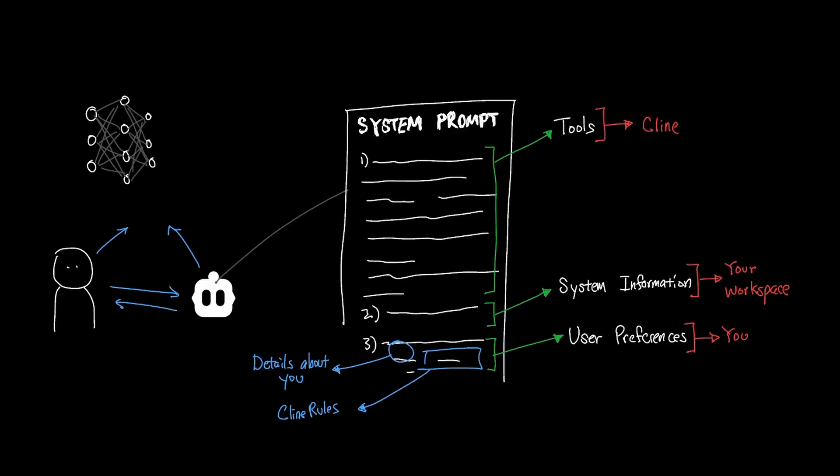And back to the menu analogy, while the tool sections can be thought of as dishes that the LLM can order, the user preference sections can be thought of as details like your dietary restrictions so that the model doesn't order Cline to do something outside of the preferences that you've identified.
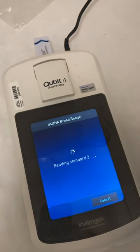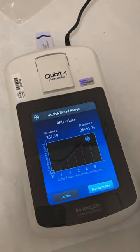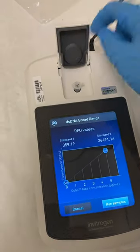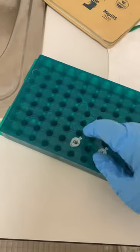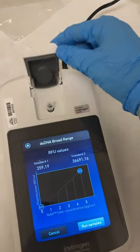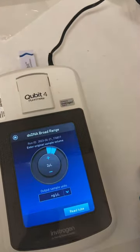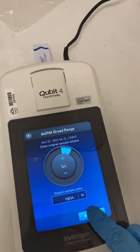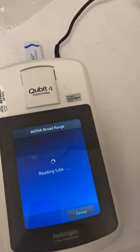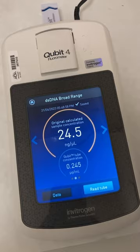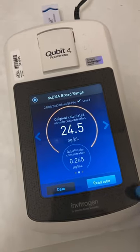We read the second standard, and then we put our sample in — in this case we only have one, so the sample is number two. And this is our result.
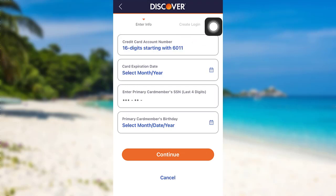After that, enter the card expiration date, then enter the last four digits of the primary card member's SSN, then enter the last four digits of your SSN, and after that enter the card member's birthday. Once you have filled in the details, tap on 'Continue,' then follow the further instructions provided and give all the details.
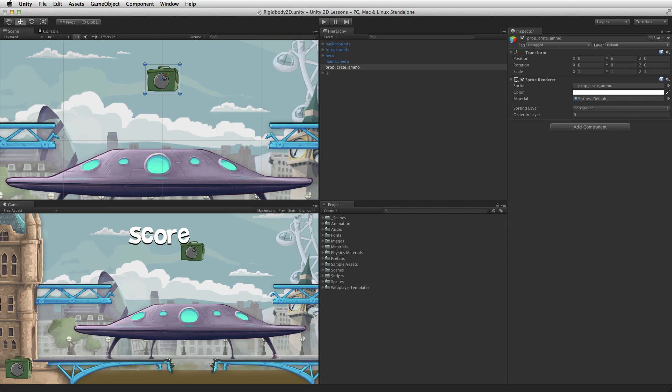The Rigidbody2D is a component that allows a game object to be affected by 2D physics. The game object must also have a Collider2D component attached to interact with other game objects using 2D physics. A Rigidbody2D is required when working with specialised 2D physics components such as 2D joints.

> [PROBLEM TO WORK ON]
Each line above should be returned exactly as it stands, minus any pictures.

> [EXERCISE OUTPUT]
And back to the menu analogy, while the tool sections can be thought of as dishes that the LLM can order, the user preference sections can be thought of as details like your dietary restrictions so that the model doesn't order Cline to do something outside of the preferences that you've identified.
We read the second standard, and then we put our sample in — in this case we only have one, so the sample is number two. And this is our result.
After that, enter the card expiration date, then enter the last four digits of the primary card member's SSN, then enter the last four digits of your SSN, and after that enter the card member's birthday. Once you have filled in the details, tap on 'Continue,' then follow the further instructions provided and give all the details.
The Rigidbody2D is a component that allows a game object to be affected by 2D physics. The game object must also have a Collider2D component attached to interact with other game objects using 2D physics. A Rigidbody2D is required when working with specialised 2D physics components such as 2D joints.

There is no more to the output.